Dropping the component connection is a typical Apple move. They were the first to abandon a whole slew of interfaces (floppy, Apple propritetary keyboard ports, SCSI) for newer USB and Firewire technologies. It's right in line with their dismissal of Flash as "old technology". It pisses people off for awhile, but goes away as everyone else catches up with Apple. Even Flash stories have changed from "Apple will die without Flash support" to "look how crappy Flash is on these other mobile devices." No component connectors saves Apple on space and money at the cost of a few individuals with older TVs.

I have a bigger issue with dropping the hard drive. I actually like syncing to my Apple TV. Currently my media center connection to my main computer is fairly slow connection between floors so when I do stream, especially video, it can occasionally get laggy. rewinding and fastfowarding also get a bit weird on a stream.

The new Apple TV still includes an "Apple use only" USB port, the same as the original Apple TV. This was used to hack the old Apple TV, so hopefully it will be possible to do so on the new one.

The biggest disappointments to most people was that Apple didn't appear to adopt the iOS operating system, and there are no 3rd party apps available.

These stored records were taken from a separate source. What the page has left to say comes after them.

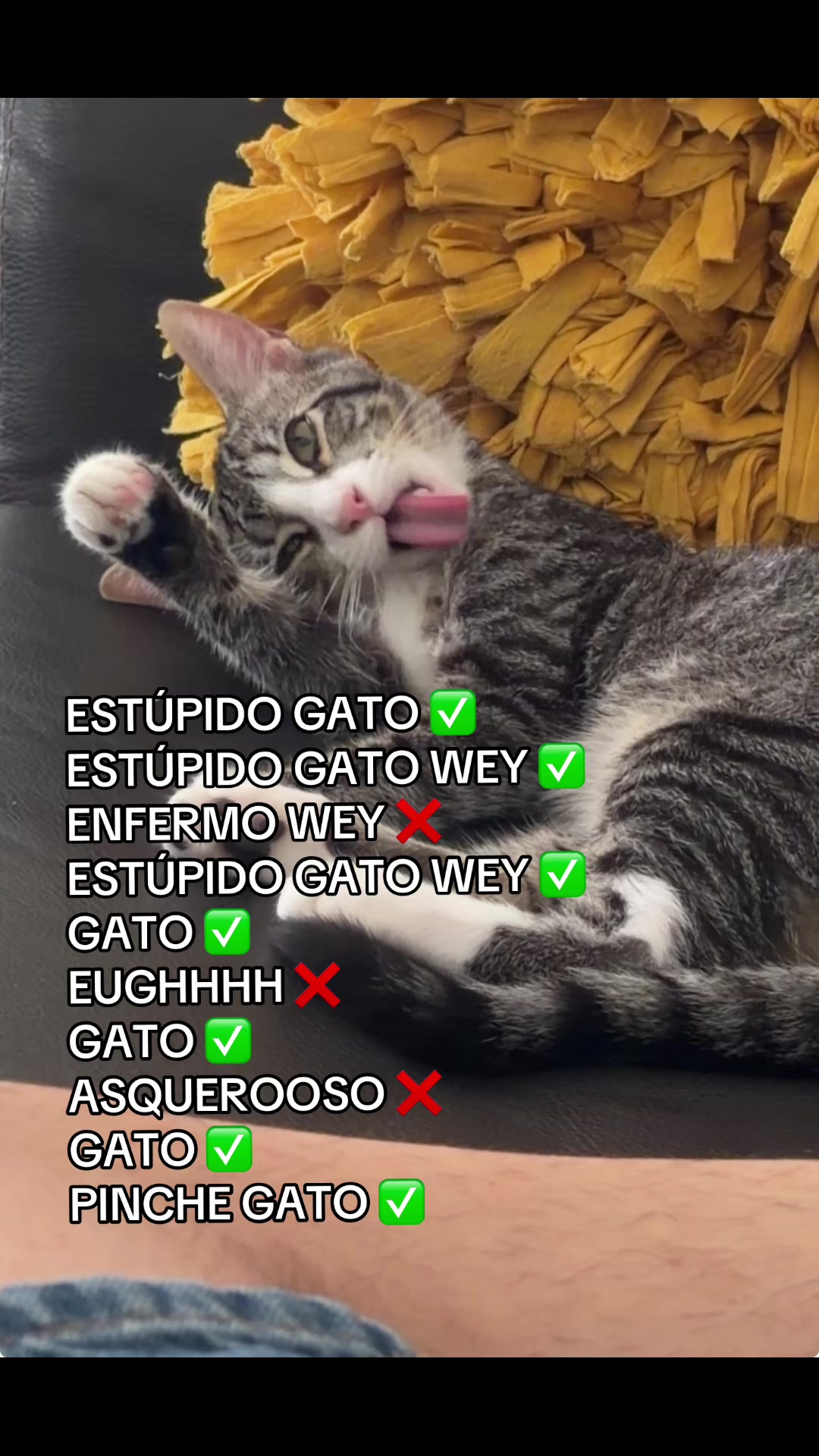 @Alfonson’t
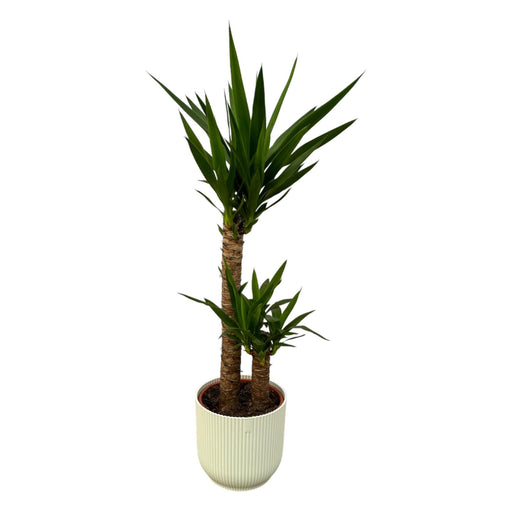 yucca-100cm-o21cm-inclusief-elho-vibes-fold-round-wit-d22xh20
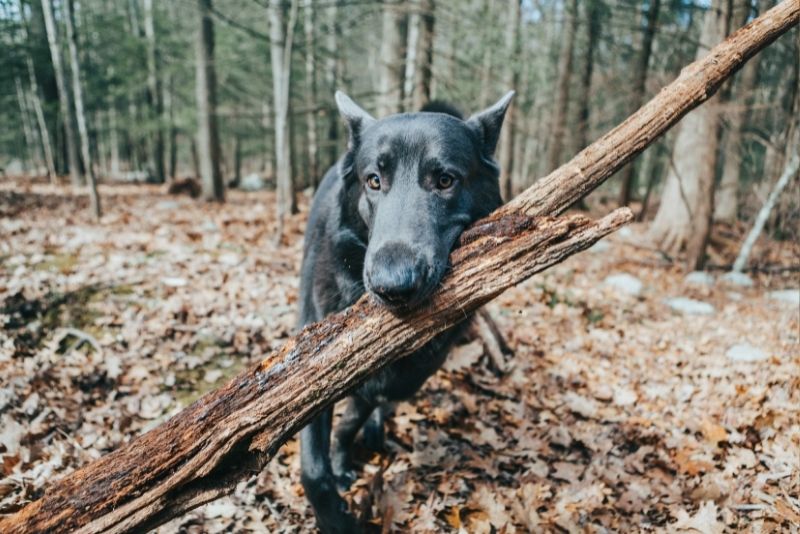 Dog walks in the New Forest - A-Plan Insurance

I'm pretty sure Apple is using iOS, and has been using iOS, on the Apple TV for a long time. iOS and regular Mac OS share a great deal of underpinnings, differing mainly in how apps run (sandboxed in the case of iOS), user permissions (very restricted for iOS) and interface (mutli-touch for iOS).

My guess is that Apple TV uses iOS, with a different interface (in other words, sandboxed apps and restricted user permissions but AppleTV menu system). Touch interfaces will never work on a TV. Touch interfaces are TERRIBLE when what you are trying to touch is not immediately under your finger. Try turning off your iPhone screen and touch where you think an app is. Turn the screen back on and see how close you were. You were probably off a bit. Probably enough to have launched the wrong app. While voice over works wonders for vision impaired, it requires a lot of gliding over the phone to find out what is going on. This will be insufficient for the majority of TV users. I've found even touch sensitive remote controls are terrible unless they are gesture based, rather than target based (use gestures like swipe down to move the cursor down, swipe right to fast-foward, etc...) Most people don't want to look at their remotes to rewind the good scene they just watched.

Apps would be nice. The absence of Pandora on Apple TV was pretty noticible to me. But they would have to be dedicated to the AppleTV, not just allow the existing apps to run. The non-touch interface just wouldn't allow existing apps to translate to the AppleTV. But until this new form factor settles out, and the iPad is further along, I don't see Apple dedicating resources to this until next year. So we might see apps in 2011, but I'd guess 2012 more realistically.

So as far as I see, the Apple TV is still a hobby. A more significant hobby. Hopefully they got the hardware right this time, the price point is pretty darn good, and the software is where they'll focus next.